This is the vector which is shortest, so it will be shortest in the 2-norm or Euclidean norm: \begin{align} (4 + t)^2 + (3+2t)^2 + 2^2 = 16 + 8t + t^2 + 9 + 12t + 4t^2 + 4 \\ = 5t^2 + 20t + 29\\ \end{align} Now these quadratics have a global minimum, I'll let you do that since this looks very homework-question-y. After that, say $u_1 = (v_1,v_2,v_3)$, we want to find a plane which is perpendicular. I refer you to this question. The answer provided there does a good job of explaining why this is the case.

2) We know a point in plane 1 (the origin!), so we this is the same as asking what the shortest distance the second plane has to the origin point.

Now, in our heads, we should have a triangle $OXP$, with one point at $0$, another at $X$ the shortest point in plane 2, and a general point $P$ in plane 2. From here, $\angle OXP$ is $90^\circ$, as it is the shortest point. The question is to find $||OX||$. Again as this is a homework style question, I'll let you finish it off.

EDIT: I realise that this might not be the best solution to it, but once you understand it, this is the best solution - if that makes sense.

Think about the problem geometrically, now if a planes (2-d things) are parallel in a 3-d space, then they both have a 'normal' vector, which is normal to the two vectors spanning the plane. E.g. if $\Pi = \bar w + \bar v_1 t + \bar v_2 r$, then there is a normal vector $\bar n$ such that $\bar n.\bar v_1 = \bar n.\bar v_2 = 0$. (Perpendicular to the other two) If two planes are parallel, then the normal vector is off by a scalar.

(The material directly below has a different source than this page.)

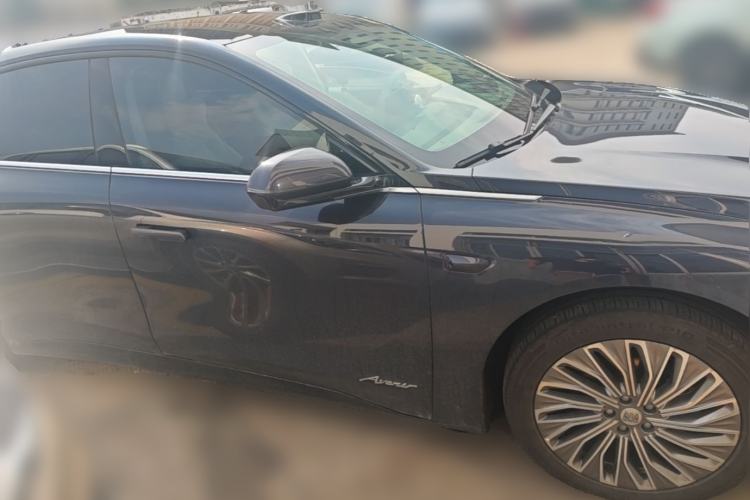Used Buick L7 2025 Model Aivia Front Right 45 Deg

Now, again, the plane is always normal to this point $\bar n$, which means, for every $\bar x$ in the plane, we have that $\bar x. \bar n = \bar w . \bar n$ as the $\bar v_1, \bar v_2$ are both perpendicular to $\bar n$.

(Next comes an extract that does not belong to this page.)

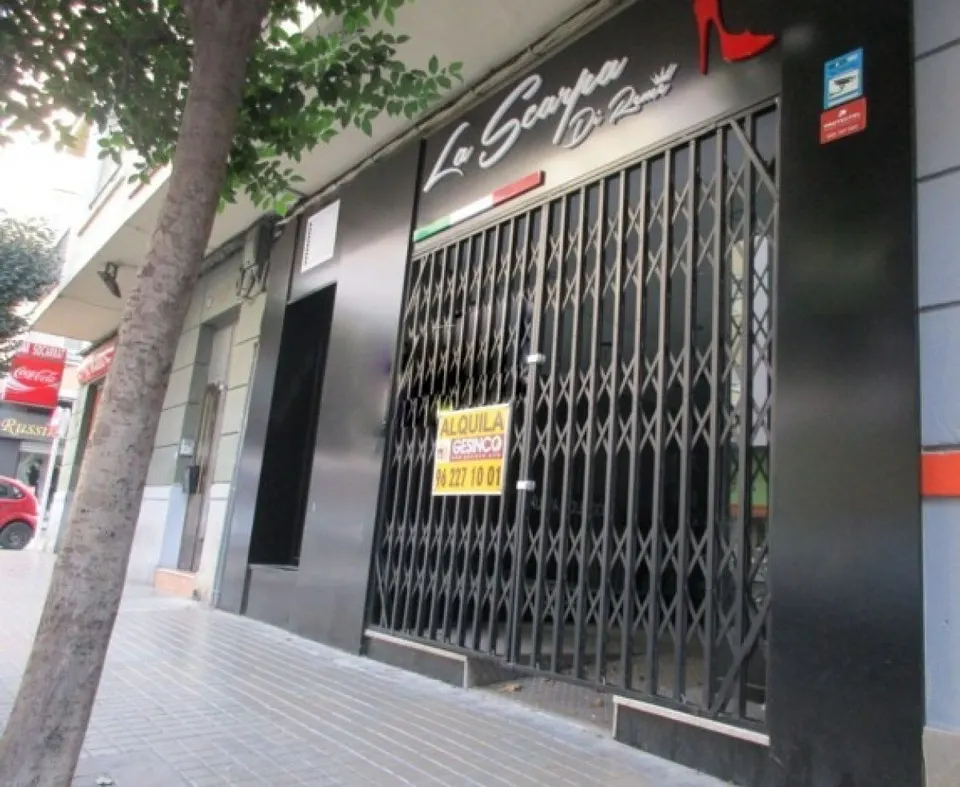 LOCAL COMERCIAL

Now what is $\bar w$, well it's the vector from $0$ to $w$ as coordinates. In particular, it has no special properties other than living in the plane.

So we have $$\bar n . \bar x = n_1x_1 + n_2x_2 + n_3x_3 = d_1.$$

Realising what this means, we have that $a/A = b/B = c/C$. And we also have that the $d_1$ has some relation with the shortest distance to the origin (think about the triangle i was making above again). I'll add another hint if this is still not a complete result, but you should have it from here. If not try youtube, this is literally the first that came up when searching, haven't seen it, but imagine it has what you are after.

P.S. If you're looking to be ready for university maths, a good idea might be to use the siklos booklets, or here. Or for a slightly more abstract start, try abstract algebra in a wonderful book that is very gentle to introduce concepts.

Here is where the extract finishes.